When you reach the line containing "5607 Cody St, Shawnee, KS 66203" in the data below, begin returning lines exactly as written, and stop once the line containing "outdoor massage at" has been returned.

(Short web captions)
================================
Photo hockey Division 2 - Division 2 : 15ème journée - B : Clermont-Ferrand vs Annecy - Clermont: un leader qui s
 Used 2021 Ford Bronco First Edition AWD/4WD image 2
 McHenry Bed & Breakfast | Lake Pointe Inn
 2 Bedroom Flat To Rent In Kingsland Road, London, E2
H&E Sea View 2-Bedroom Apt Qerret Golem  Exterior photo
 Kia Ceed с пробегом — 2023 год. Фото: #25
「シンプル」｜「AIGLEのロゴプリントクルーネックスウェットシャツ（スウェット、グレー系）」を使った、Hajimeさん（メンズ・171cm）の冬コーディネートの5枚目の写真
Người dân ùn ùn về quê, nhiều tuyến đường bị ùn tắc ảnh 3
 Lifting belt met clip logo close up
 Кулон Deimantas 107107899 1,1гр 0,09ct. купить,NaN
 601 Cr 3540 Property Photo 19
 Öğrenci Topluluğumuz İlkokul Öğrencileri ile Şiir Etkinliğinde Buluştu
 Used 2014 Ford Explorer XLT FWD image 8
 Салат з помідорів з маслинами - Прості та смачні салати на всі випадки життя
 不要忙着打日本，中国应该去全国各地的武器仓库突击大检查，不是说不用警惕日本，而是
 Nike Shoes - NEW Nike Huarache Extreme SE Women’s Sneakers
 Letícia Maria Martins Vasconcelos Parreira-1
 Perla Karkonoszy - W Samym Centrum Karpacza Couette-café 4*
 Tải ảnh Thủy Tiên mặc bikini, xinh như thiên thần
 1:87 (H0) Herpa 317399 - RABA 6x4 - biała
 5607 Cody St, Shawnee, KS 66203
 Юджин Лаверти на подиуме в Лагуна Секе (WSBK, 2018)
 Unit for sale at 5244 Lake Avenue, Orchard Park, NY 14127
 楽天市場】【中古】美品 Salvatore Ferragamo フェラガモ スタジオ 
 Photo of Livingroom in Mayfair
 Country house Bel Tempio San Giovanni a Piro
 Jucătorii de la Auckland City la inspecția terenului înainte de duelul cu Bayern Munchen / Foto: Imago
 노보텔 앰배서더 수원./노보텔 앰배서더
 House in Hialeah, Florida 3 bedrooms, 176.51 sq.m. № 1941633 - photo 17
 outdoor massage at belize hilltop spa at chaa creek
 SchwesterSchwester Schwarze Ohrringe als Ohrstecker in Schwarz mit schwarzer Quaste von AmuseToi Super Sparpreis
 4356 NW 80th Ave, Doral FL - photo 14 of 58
================================
OUTPUT FOR THIS EXERCISE —
 5607 Cody St, Shawnee, KS 66203
 Юджин Лаверти на подиуме в Лагуна Секе (WSBK, 2018)
 Unit for sale at 5244 Lake Avenue, Orchard Park, NY 14127
 楽天市場】【中古】美品 Salvatore Ferragamo フェラガモ スタジオ 
 Photo of Livingroom in Mayfair
 Country house Bel Tempio San Giovanni a Piro
 Jucătorii de la Auckland City la inspecția terenului înainte de duelul cu Bayern Munchen / Foto: Imago
 노보텔 앰배서더 수원./노보텔 앰배서더
 House in Hialeah, Florida 3 bedrooms, 176.51 sq.m. № 1941633 - photo 17
 outdoor massage at belize hilltop spa at chaa creek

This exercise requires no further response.